Dal punto di vista stilistico, New Tales from the Borderlands si riallaccia con pieno successo alla tradizione dei Borderlands, affidandosi ancora una volta al riconoscibilissimo pseudo-cel-shading che fin dagli inizi è uno dei principali “marchi di fabbrica” della saga, con contorni delle figure fortemente marcati e una palette di colori di grande effetto. A livello visivo si gode dell’amorevole cura riposta in ogni dettaglio (per averne un esempio, basta soffermarsi sull’intricata mole di componenti che vanno a costituire l’ossatura di Louie…) e ho trovato generalmente convincenti anche le animazioni, specie se valutate nel contesto di un progetto che non mira certo all’assoluto realismo delle scene.

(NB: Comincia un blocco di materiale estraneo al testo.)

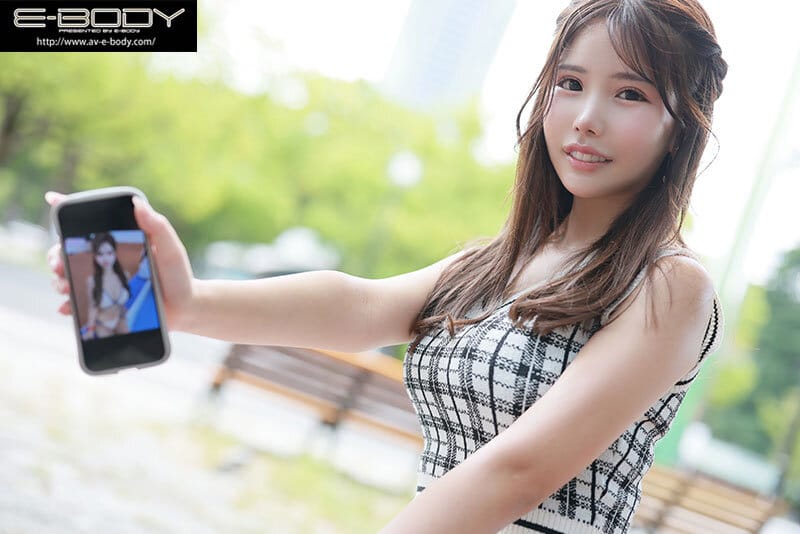 美容系のPR案件も来る細身巨乳キラキライ●スタグラマーお嬢様の全く映えない本気イキ連発 AVデビュー 涼風うい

Non che questo abbia molta importanza, ma confesso di essere invece rimasto in qualche modo deluso dalla composizione della colonna sonora del gioco. Il primo gioco ci aveva deliziato con efficaci scene di apertura per ciascun episodio, supportate da brani di sicuro impatto. New Tales from the Borderlands riprende l’idea di proporre in ogni capitolo una sorta di videoclip (di cui si serve per far progredire la narrazione e/o fornisci un po’ di contesto rispetto agli eventi che stiamo vivendo), ma nel complesso il risultato finale non ha lo stesso impatto, anche e soprattutto appunto per una compilation di canzoni parse più deboli.
In generale dal punto di vista tecnico, New Tales from the Borderlands è un prodotto davvero ben realizzato. E’ un fatto sostanzialmente noto che il motore alla base di tutti i principali titoli Telltale avesse notevoli carenze a livello prestazionale. Abbiamo dovuto aspettare un po’ di anni, ma finalmente grazie al lavoro di Gearbox (con Unreal Engine 4) possiamo godere di un’avventura cinematografica in puro “stile Telltale” senza incertezze e vistosi cali di frame-rate. Il gioco vi terrà impegnati per una decina d’ore prima di arrivare ai titoli di coda: ma se avete voglia di scoprire tutti i possibili finali e le variazioni previste dagli sceneggiatori, avrete davanti ancora molto da tempo da passare in compagnia con queste New Tales from the Borderlands!